Wasserstein's father, Abraham Wasserstein (1921-1995), born in Frankfurt, was Professor of Classics at the Hebrew University of Jerusalem. His mother, Margaret (née Ecker, 1921-2017), was born in Budapest.[1] He was educated at the High School of Glasgow and Wyggeston Boys' Grammar School, Leicester. He earned a BA in Modern History at Balliol College, Oxford in 1969 and a DPhil at Nuffield College, Oxford in 1974. In 2001 he was awarded the 'advanced research degree' of DLitt by Oxford University. His brother, David J. Wasserstein, is Professor of History at Vanderbilt University. His sister, Celia Wasserstein-Fassberg, is Professor of International Law at the Hebrew University of Jerusalem.

Wasserstein was a Research Fellow of Nuffield College, Oxford (1973-5). He taught at the University of Sheffield (1976-9) and Brandeis University in Massachusetts (1980-96), where he was Professor of History and Dean of the Graduate School of Arts and Sciences. He was President of the Oxford Centre for Hebrew and Jewish Studies (1996-2000) and Fellow by Special Election of St Cross College, Oxford. He was Professor of History at the University of Glasgow (2000-2003). From 2003 to 2014 he was Ulrich and Harriet Meyer Professor of Modern European Jewish History at the University of Chicago. He was a visiting fellow of the Institutes of Advanced Studies in Jerusalem and Tel Aviv, the National Humanities Center in North Carolina, the Swedish Collegium for Advanced Studies in Uppsala, All Souls College, Oxford, and the Wissenschaftskolleg zu Berlin. He was awarded a Guggenheim Fellowship in 2007-8 and has also held fellowships of the American Philosophical Society, the American Council of Learned Societies, and the National Endowment for Humanities. In 2015-16 he was Allianz Visiting Professor of Modern Jewish History at the Ludwig Maximilians Universität, Munich. He is a Corresponding Fellow of the British Academy. He was a member of the London executive of the Leo Baeck Institute (1997-2003), President of the Jewish Historical Society of England (2000-2002), and is currently a board member of the Menasseh ben Israel Institute, Amsterdam. In the spring of 2019 he was a visiting scholar at the Center for the Study of Urban History of East Central Europe, Lviv. His books have been translated into French, German, Romanian, Portuguese, Spanish, Hebrew, Chinese, Vietnamese, Hungarian, and Dutch. Now an emeritus professor of the University of Chicago, Wasserstein is retired from teaching but continues to engage in historical research and writing.

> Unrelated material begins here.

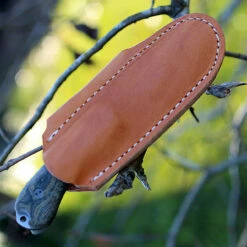 Bradford Guardian3 3D, 3.5" N690 Plain Blade, Green Micarta Handle -Knifeworks Sales Shop brad3fe109.2 09173.1566585940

Wasserstein is a dual citizen of the United States and the United Kingdom. He is married to Shirley Haasnoot, a Dutch journalist and historian. He has one son and one daughter and lives in Amsterdam.

Awards and honours

  • Golden Dagger Award for Non-Fiction (Crime Writers Association), 1988.
  • Yad Vashem International Book Prize, 2013.

Selected work

  • 1978 The British in Palestine: The Mandatory Government and the Arab-Jewish Conflict 1917-1929
  • 1979 Britain and the Jews of Europe, 1939-1945
  • 1985 (edited with Frances Malino) The Jews in Modern France
  • 1988 The Secret Lives of Trebitsch Lincoln
  • 1992 Herbert Samuel: A Political Life
  • 1996 Vanishing Diaspora: The Jews in Europe since 1945
  • 1999 Secret War in Shanghai
  • 2001 Divided Jerusalem: The Struggle for the Holy City
  • 2003 Israelis and Palestinians: Why Do They Fight? Can They Stop?
  • 2007 Barbarism and Civilization: A History of Europe in Our Time
  • 2012 On the Eve: The Jews of Europe Before the Second World War
  • 2014 The Ambiguity of Virtue: Gertrude van Tijn and the Fate of the Dutch Jews

References

  1. Contemporary Authors Online. October 18, 2007. Retrieved on December 20, 2010.